Before you start shopping, decide whether you want to build the computer yourself or if you prefer to buy an already made model. This decision will influence the budget, components, and more. Building your own PC has a lot of perks, mainly the autonomy factors and flexibility to do what you want how you want to, but it takes up a lot of time, and therefore the results are not immediate. If you buy a pre-built model, you have instant access to your gaming kingdom and can enjoy things straight away. So, there are perks to both sides of the coin.
2. The Size
The size will be determined by how much space you have, but it is still important to think about. Lots of gaming PCs are available in standard computer sizes, but there are also workstations, mini PCs, and large towers to add to this mix. Alongside the laptop and Chromebook options, you have every size at your disposal to choose from.
3. Gaming Style
Do you game for a couple of hours on a weekend, or are you a dedicated daily player? Do you play mainly online things or are you more advanced in your selections, for example, taking advantage of the many gaming streaming platforms that currently exist? If you are the former, then you might not need a top-tier gaming PC; however, the latter will benefit from the higher specs and dedicated components.
Gaming PCs will always come equipped with an integrated graphics chip attached to the motherboard. However, this can be stepped up a notch and a half by switching to a discrete graphics option, which you can read more about here. Integrated graphics are good and will suit a lot of gaming needs, but discrete graphics are considered to kick things into a higher gear when it comes to clearer visuals and loading speeds. Given that what you see on the screen is such an important factor, in that it has to be clear, glitch free and a proper representation of the intended creation, the GPU and associated parts have to be the best fit.

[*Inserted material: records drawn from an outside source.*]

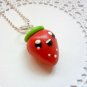 Handcrafted Polymer Clay Kawaii Strawberry Necklace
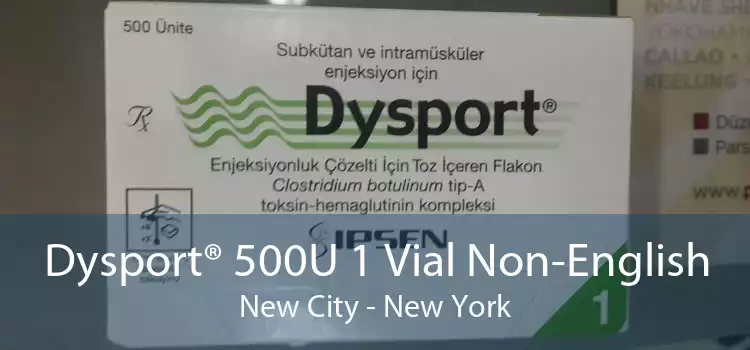 Dysport® 500U 1 Vial Non-English New City - New York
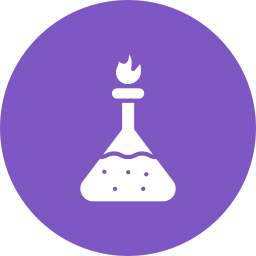 Bunsen burner icon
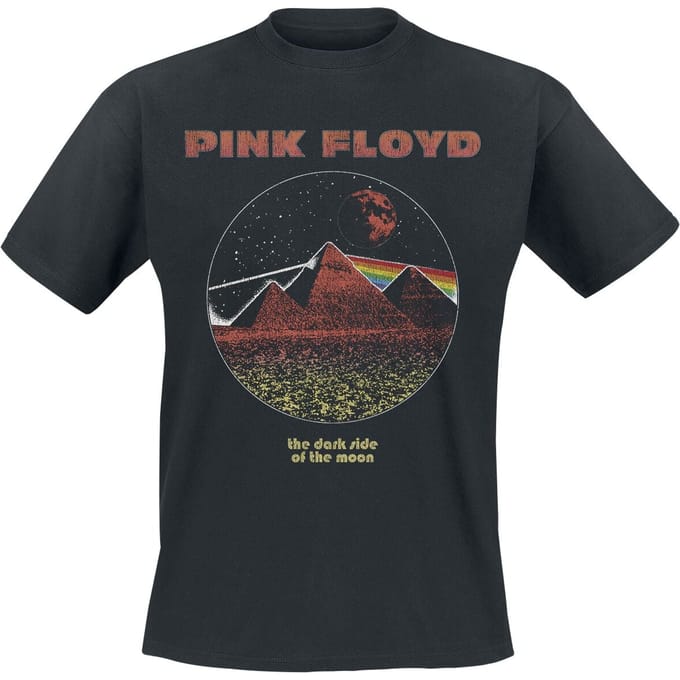 Pink Floyd DSTOM Pyramids Vintage Heren T-shirt - zwart - M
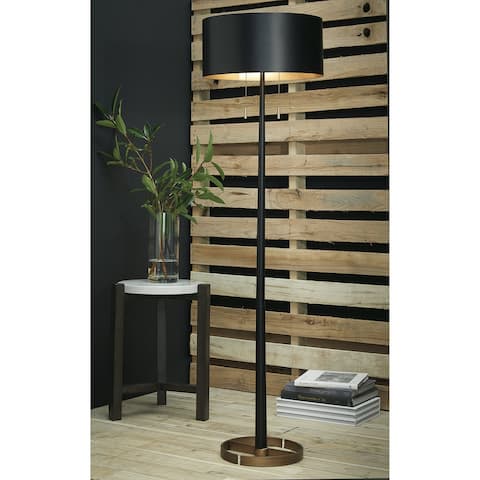 Amadell Metal Floor Lamp - 17.25" W x 17.25" D x 60" H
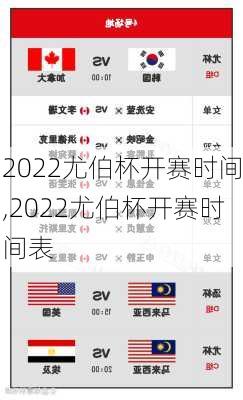 2022尤伯杯开赛时间,2022尤伯杯开赛时间表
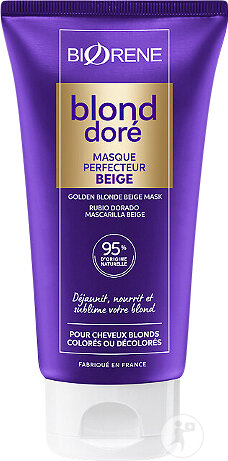 Biorène Blond Doré Masque Perfecteur Beige Cheveux Blonds Colorés Ou Décolorés 150ml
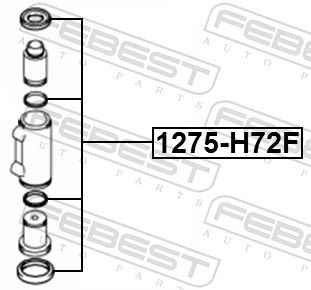 FEBEST 1275-H72F Repair Kit, brake caliper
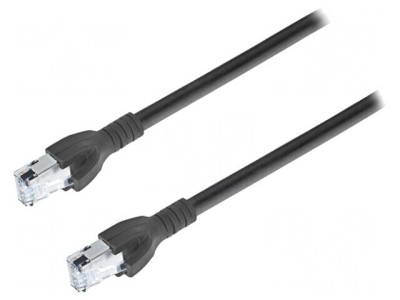 Patch cord S/FTP Cat 6a 5m Negru foto
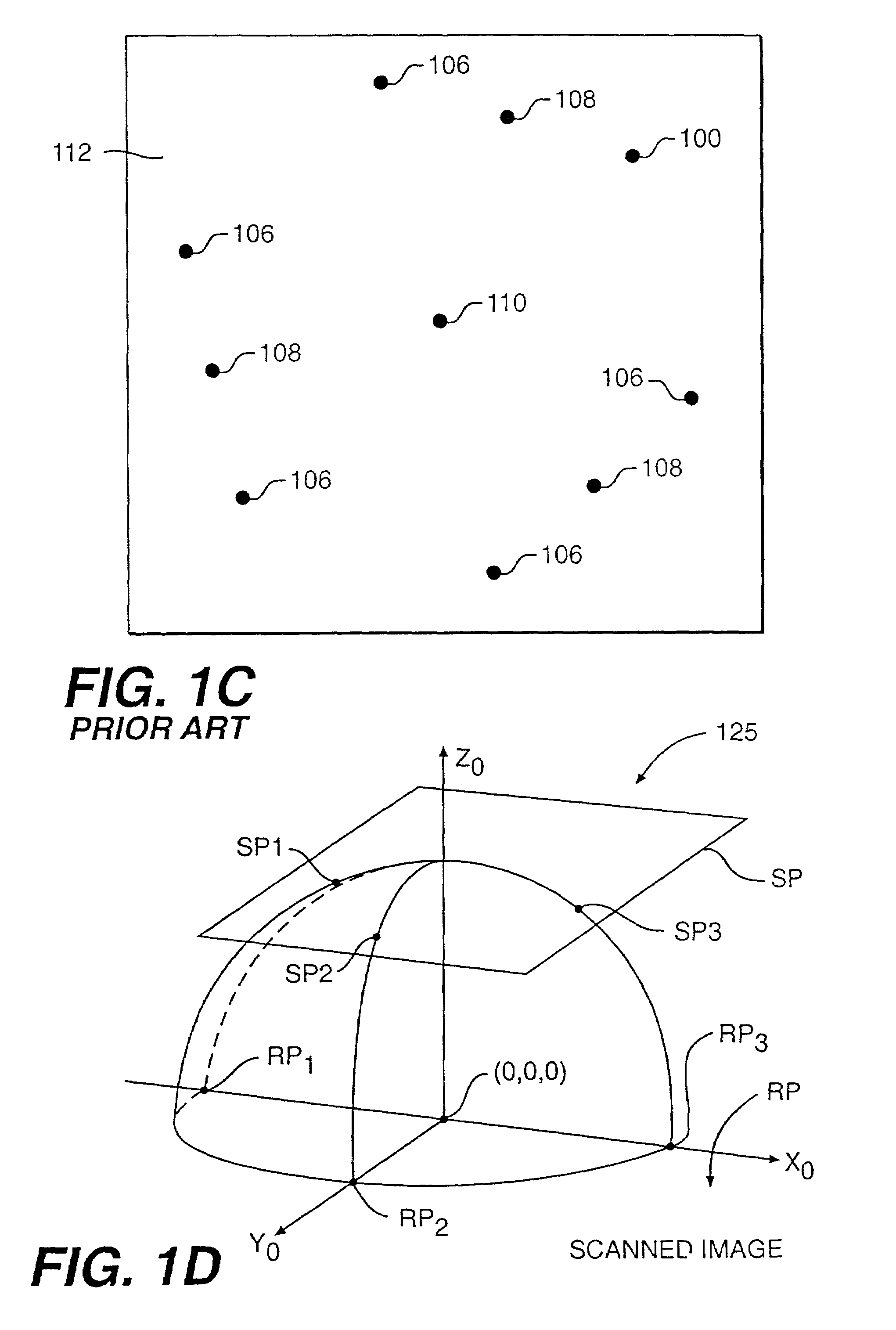 System for indicating the position of a surgical probe within a head on an image of the head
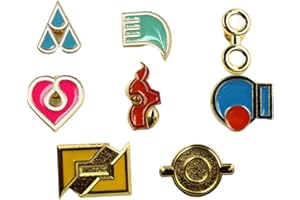 YUANstore Applicable to Pocket Monster Generation 1-6 Gym Badge Collection Box, Game Collection Set of 8PCS, Gift for Boy and Girls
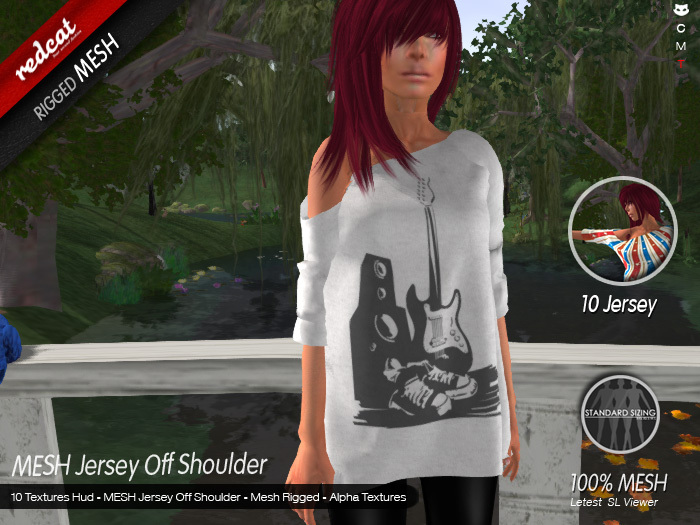 MESH Jersey Off Shoulder - RedCat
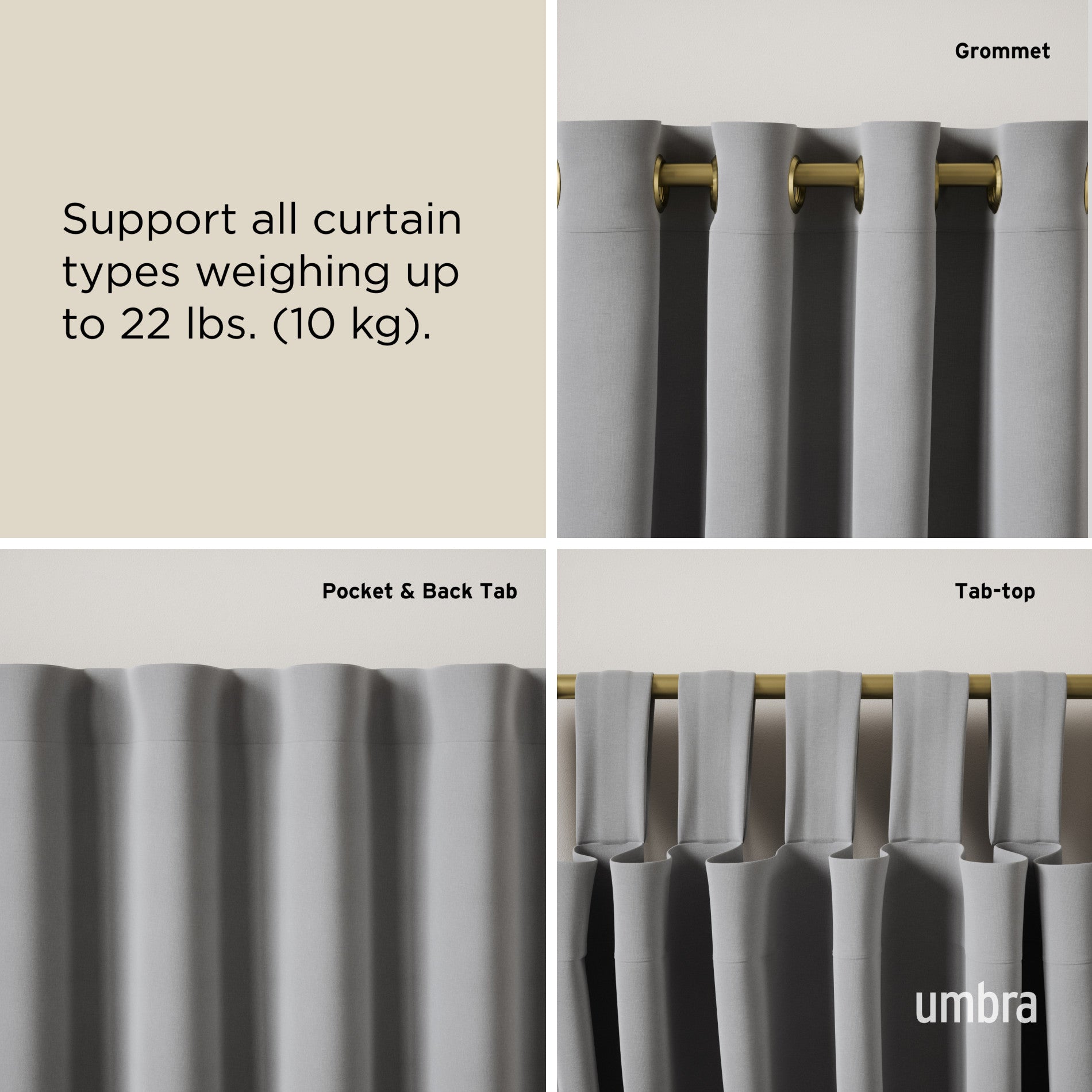 Modern Ringlet Curtain Rod for Stylish Windows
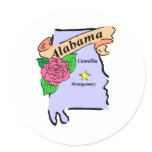 Alabama 2 round sticker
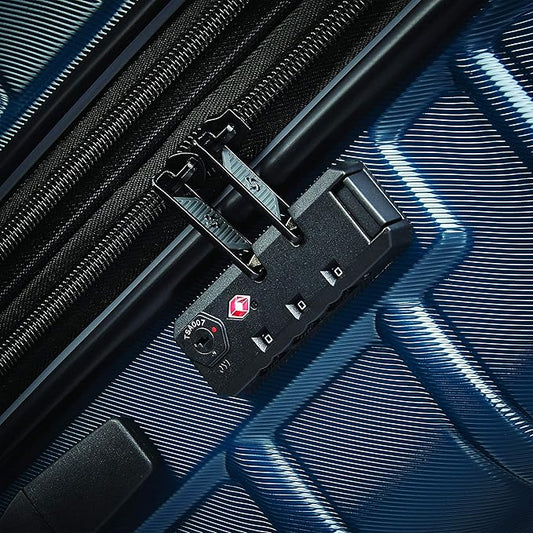 Samsonite Omni 2 28-Inch Large Checked Hardside Luggage with 360° Spinner Wheels - Scratch Resistant Hardshell - TSA Lock - Expandable Polycarbonate Shell for Lightweight Travel - Nova Teal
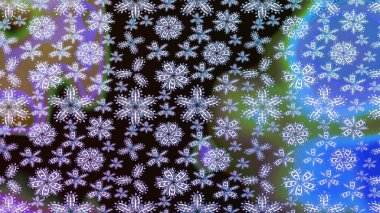 Çiçek. Taslak dekoratif arka plan, çiçek mandala. Raster illüstrasyonu. Mavi renklerde.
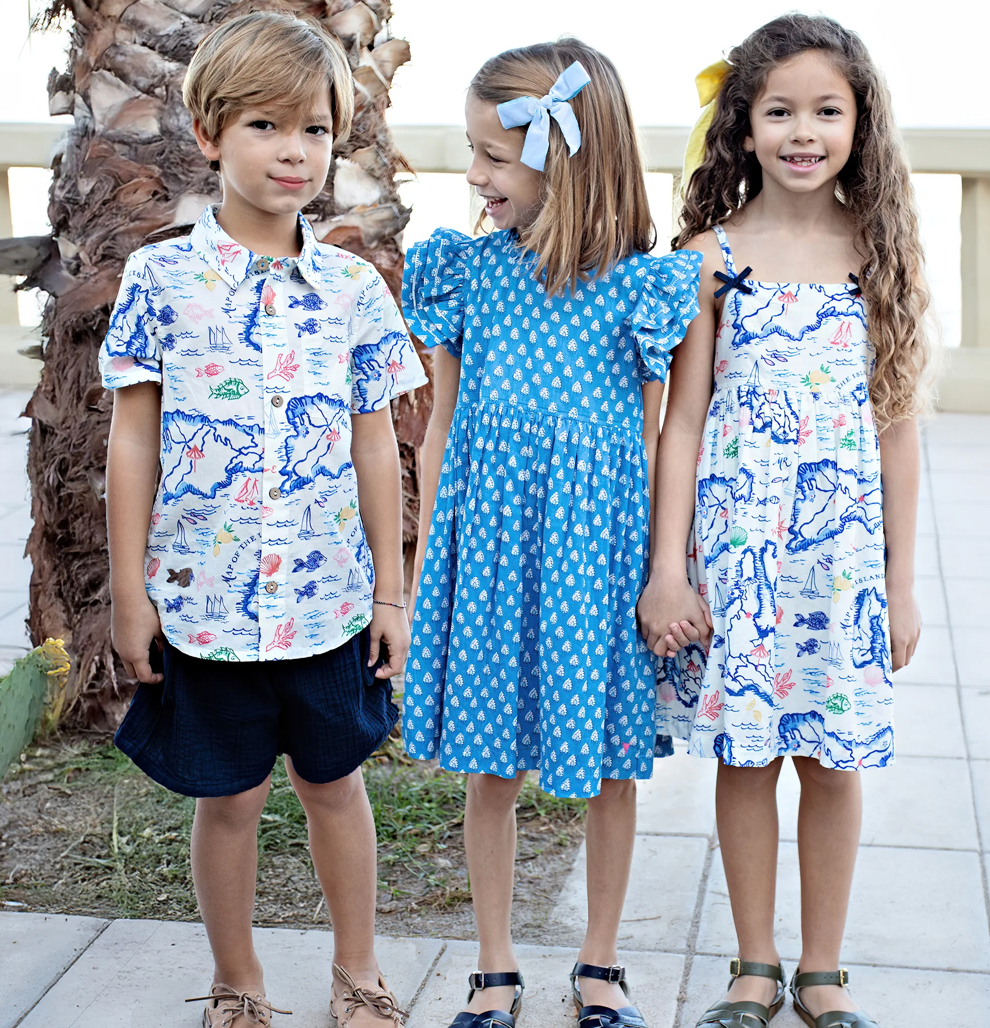 Navy Boys Pull On Short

The processor, also known as the CPU or central processing unit, is what makes everything move. Therefore, it needs to be powerful enough to handle not only the GPU but the big sized games as well, including everything that may entail, from loading to interactions and general gameplay. It is not recommended to cut costs when it comes to the CPU, because it is such an integral part of the process. Cheaper options are more likely to fail which can put the whole PC in jeopardy. Look for a higher core count (seven and above) and whether or not you can overclock to reach the maximum potential for task handling and general capacity.
6. Your Budget
All of the above points are well and good if you have the budget to cater to demand. What you have in your savings pot will determine the quality of the product you can ultimately buy, and as we’ve said there are some parts you just cannot compromise on when it comes to price versus quality. That being said, there are secondhand options and refurbished components or whole PCs and laptops that work too. Ideally, look at spending between $450 and $1000 for the higher value, better quality devices.
7. Cooling Off
Think about how hard the internal components are working to render, load, and sustain a big picture game — it is bound to kick out some natural heat because of these processes. With all these powerful parts, it is a natural conclusion that the PC or laptop will need a supportive cooling system to avoid breakage and failures from overheating problems. Whether you add in your own or you observe the pre-installed option, don’t make a purchase without making provisions for this. It will end up costing you more money when the device inevitably becomes defunct from too much heat.
8. Memory and Storage
RAM is another essential consideration, and the decision lies in depending on internal RAM storage or accepting that there will be a need for external input. SSD cards are a common add-on for gamers because of the sheer size and CPU demands that come from the games on the market. To avoid system failures, poor loading speeds, and even shutdowns, the RAM has to be of a commendable capacity. This means looking for a device that can accommodate at least 32GB, if it can’t you are going to need a memory card or similar to pick up the slack.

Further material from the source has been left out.